A picture-naming task was carried out to establish naming latencies for each selected item (182 nouns and 154 verbs). The apparatus used for the picture naming tasks consisted of the Presentation® software (Version 18.0, Neurobehavioral Systems, Inc., Berkeley, CA, www.neurobs.com), which is a response recorder. It controlled the presentation of the pictures, and automatically recorded latencies in milliseconds from the time the picture was presented until the onset of the response. If the participant did not respond within 5 s, the software presented the next stimulus. The computer automatically saved the data to an excel sheet and saved sound files of the responses. The list of stimuli was presented in a randomized manner using the auto randomization function. Participants named the object pictures first, and then named the action pictures.

The data were collected in a soundproof room, designating one session for each participant. Each session lasted for 50 to 60 min, including instructions, preparation and practice. Each session included two tasks: object naming task, then action naming task. At the beginning of the task, participants were encouraged to respond carefully and consistently to the task. Participants were given instructions and were taken through practice items prior to commencing the task in question, followed by feedback. Instructions were given in Arabic, and participants were given the opportunity to take a break, between tasks.

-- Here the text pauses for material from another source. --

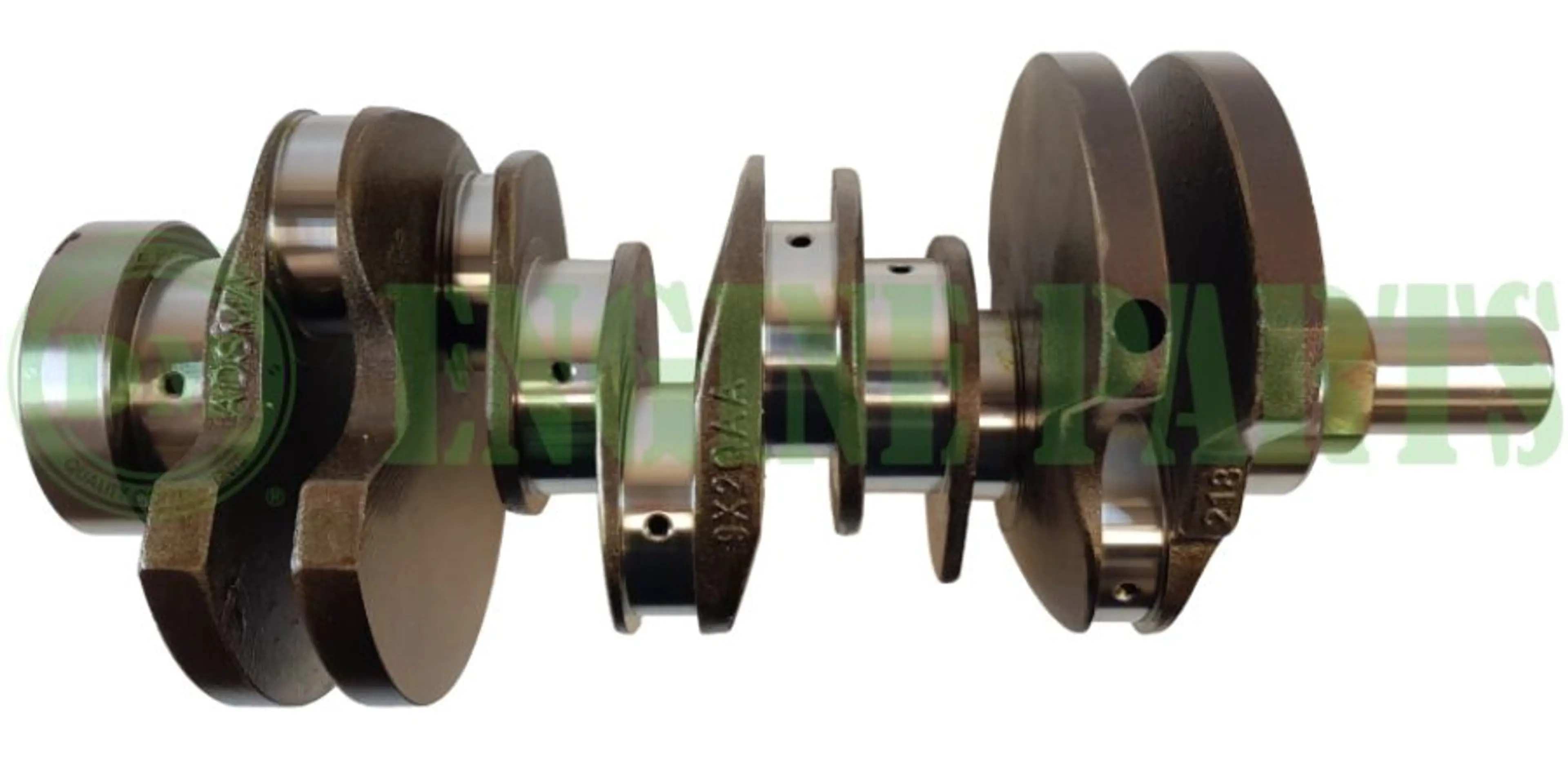 CIGUEÑAL RR 3.0 306DT C/C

Participants sat at a suitable distance from a laptop screen. They were initially shown the line-drawings of objects and were asked to say out loudly the first name that comes to mind, as quickly and as accurately as possible. The researcher explained that the task was to name the object in the picture using one word only, and to avoid describing it. The same instructions were applied for the second list, which consisted of action drawings, in which the focus was to name the action being carried out in the picture, rather than the object itself, using one word only. The Presentation software used for these tasks, presented a signal in a form of a cross (+), which appeared in the centre of the screen for 1000ms. immediately followed by the picture. The cross served as a prompt to look at the centre of the screen in preparation for the upcoming picture, which remained for 5 s before the next stimulus appeared. When the participant could not recognize the picture or did not know the name of the picture, they were asked to say out loud that they could not recognize the object/action, and the researcher would take a note of the item to revisit after the experiment and delete it’s naming latency from the list. All sound files were exported to PRAAT (Boersma, Paul and Weenink, David 1992–2022: Praat: doing phonetics by computer [Computer program].Version 6.0.08. https://www.fon.hum.uva.nl/praat/), and each sound file was revisited to make sure that the software did not include false triggering of noise or ‘em’ or ‘err’. Responses were transcribed and coded by the researcher using a numerical coding system which is the coding protocol developed by Khwaileh et al. (2020), for the Arabic language.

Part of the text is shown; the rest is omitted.